What had I gotten myself into? Weeks before school started, the unorthodox teacher knew he needed help both from above and in the trenches. A growing sense of anxiety gnawed at his lack of teaching skills, knowledge, and experience. He had a Master’s Degree, but in Oceanography, not Education. His exposure to teaching was what he received as a student, and that didn’t always conjure up good memories. No, he needed a mentor, a confidant, a friend. Someone who would warn him of the common pitfalls new teachers make. A person who would happily share best ideas and practices, and be a phone call away to look over lesson plans or anything else used in the classroom. A master tactician who knew how to keep a potentially rambunctious group engaged, while maintaining good relations with parents. With but one week till classes at St. Mary’s Academy started, the unorthodox teacher had not found that much-needed mentor, and his sense of dread was approaching a calamitous level. And then he met Al.

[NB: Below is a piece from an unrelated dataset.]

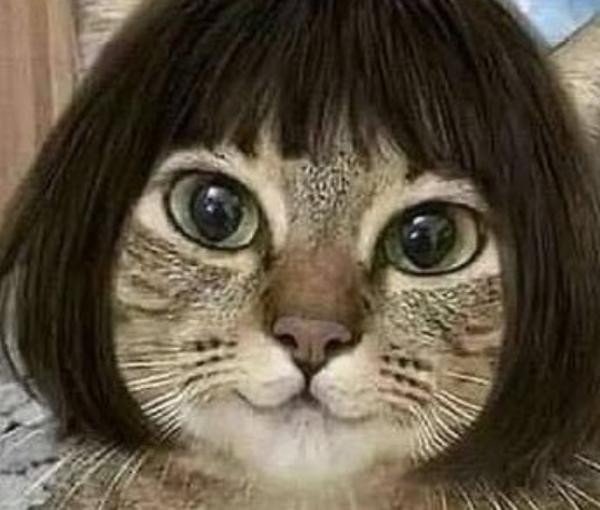 f:id:however-down:20240207205454j:image f:id:however-down:20240207205454j:image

Al was an older guy I met on the Saratoga Springs YMCA racquetball court. New to the area, and in my first week of school, I was hanging out at the courts hoping to find a game. In no time, I was invited to play doubles, and Al was my partner. I don’t remember whether we won or lost the game, but I knew I’d won a friend and mentor that afternoon when Al asked what I did for a living. Al was a veteran Advanced French teacher with 30+ years experience, and I felt a virtual arm drape across my shoulders when I told him I was a new teacher in my first week of teaching. Though 30+ years had elapsed since Al first started teaching, he understood my situation. Al and I would continue playing racquetball together, but we spent more time talking teaching. He was my lifeline. My mentor. My friend and confidant. He told me how to get students engaged in the lesson. The importance of having fun in class. Why relationships matter. How poor kids sometimes are disadvantaged. That not all students learn the same way. To forgive yourself for mistakes. To be honest and admit when you don’t know the answers. To play games embedded with content. To not take things students say or do personal. To enjoy the greatest career in the world.

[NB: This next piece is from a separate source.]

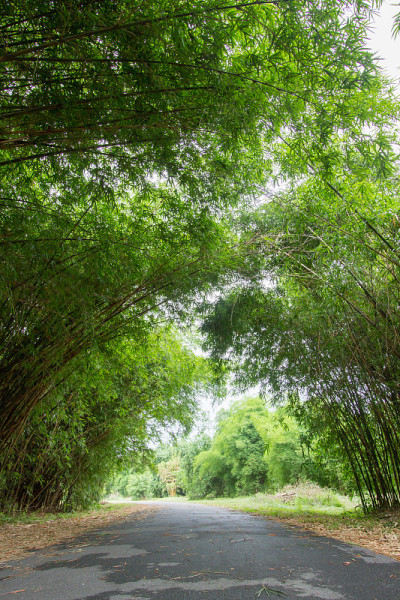 泰国那空帕伐府普陀松威如湾花园的竹隧道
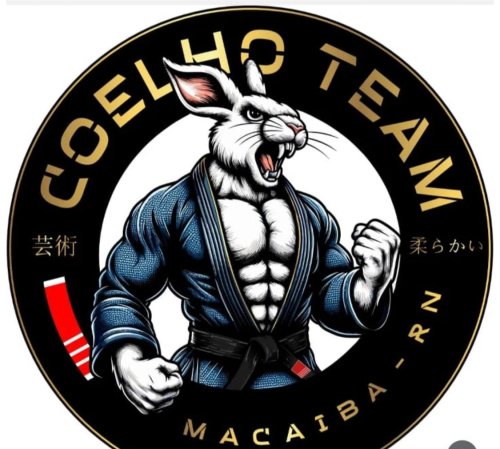 Logomarca da empresa Coelho Team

Reflecting back 30 years, I remember my first mentor as if it were yesterday. The relationship and trust that developed between Al and me were indelible, and though I would find other mentors over the years, none were as that first new teacher-mentor experience. I would become a mentor myself, and do my best to cultivate what Al and I had. The New York State Education Department (NYSED) would eventually offer grant monies for districts to create mentor programs, responding to the tragically high attrition rate in teaching. I would participate as a professional developer in many of the NYSED funded mentoring programs, and would come to find the most successful programs were those that focused on relationships, trust, and coaching. Programs that focused on finding the right mentor. A mentor skilled in his or her craft, and who cared deeply about students, colleagues, and learning. One who would become the trustworthy confidant a new teacher could lean on. Al was such a person.